Latency worse with bonding active on the Max 4HD


#1

I have a Pepwave - Model: MAX HD4 Firmware: 7.0.1 build 2988
With bonding active the latency is over 200ms compared to 70ms with bonding off. The speed is also quite a lot slower with bonding active.

Can anyone recommend a fix for this?

Thanks
ITO


#2

What sort of links are you bondingon the HD4? What Peplink device are you connecting to with the HD4 for bonding and how much bandwidth does that have?

Go to Status -> Speedfusion and click the graphing button image then run some bonding throughput tests and post a screenshot of the graph here so we can see whats going on.
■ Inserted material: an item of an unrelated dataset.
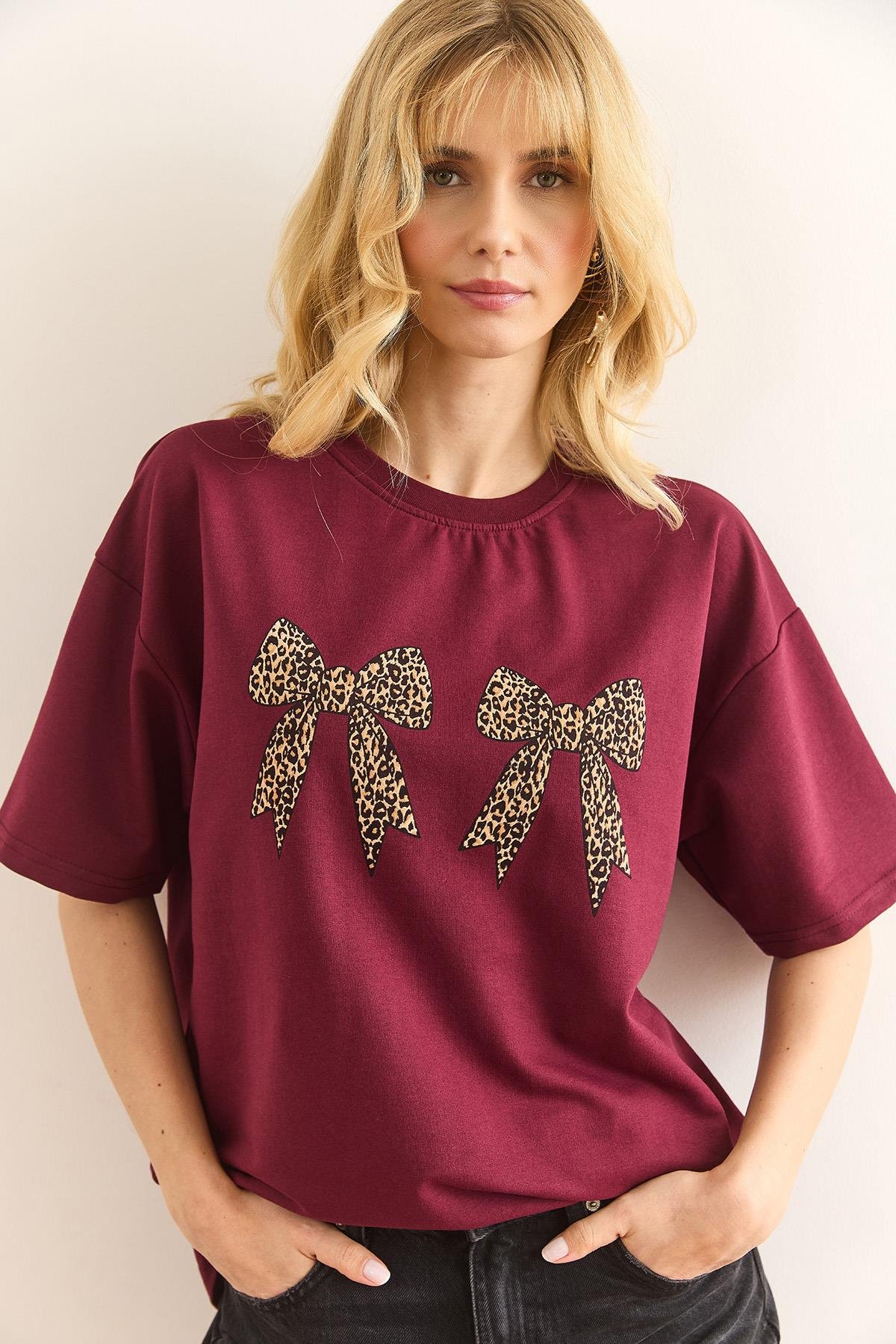 Leopar Fiyonk Detaylı Boyfriend 2 İp Tişört Bordo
You might find you need to adjust the latency cut off see more info here:


#3

Good Evening Martin,

Many thanks for coming back to me on this.

I’m currently bonding three cellular links on the HD4. Please see below image of the graph having run two seperate throughput tests.
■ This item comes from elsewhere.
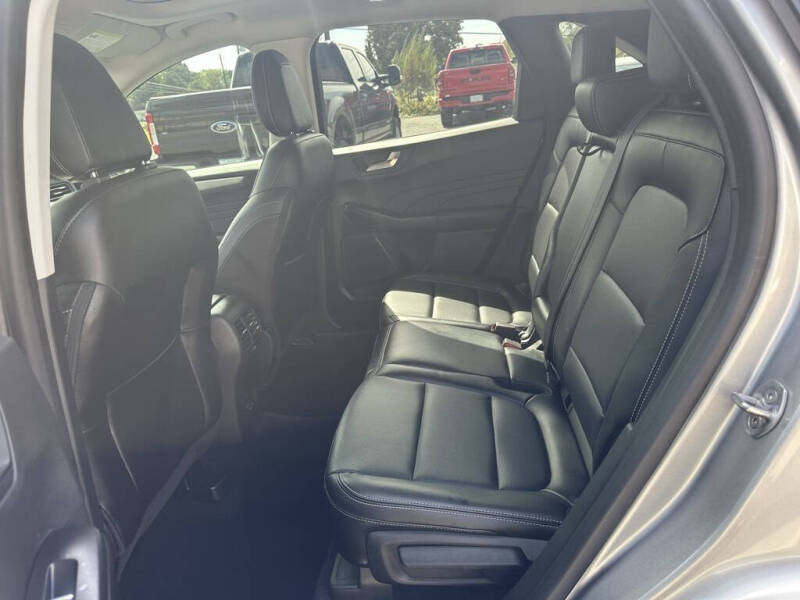 2022 Ford Escape SEL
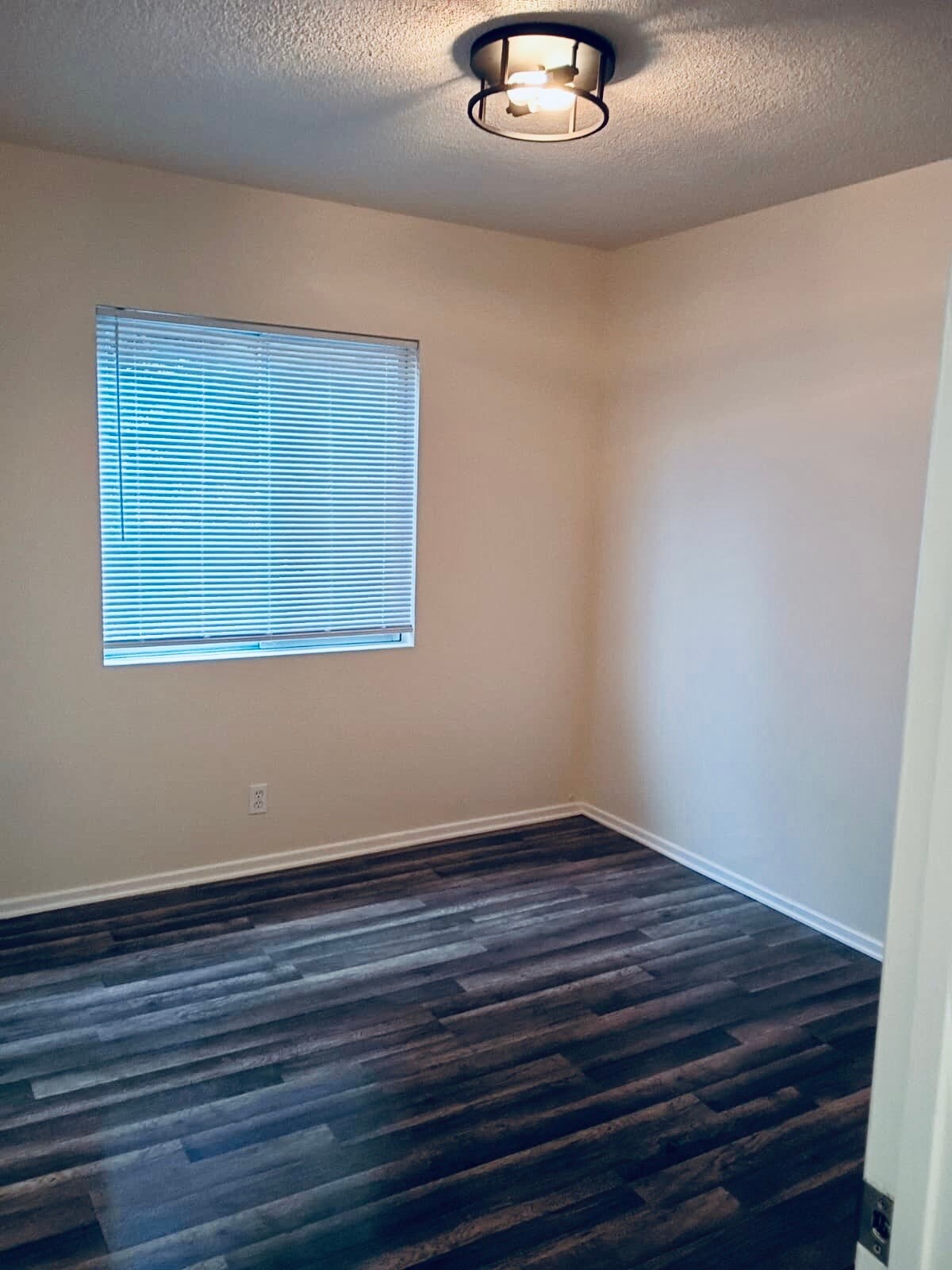 Building Photo - 9111 Cattaraugus Ave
I hope this adds a little detail, I look forward to hearing your thoughts.

Thanks
ITO


#4

Look at the link above about latency cut off, and try a cut off of 150Ms. Your Cellular 2 connection is all over the place latency wise and that will stop the HD4 using it when its latency goes above 150ms which will improve the overall performance/ latency of the tunnel.


#5

Hi Martin,

I set all three cut-off latency to 150ms, however all connections are still showing latency of 200-220ms when bonded. When bonded mode is de-activated I’m able to achieve 70-80ms latency on each connection individually.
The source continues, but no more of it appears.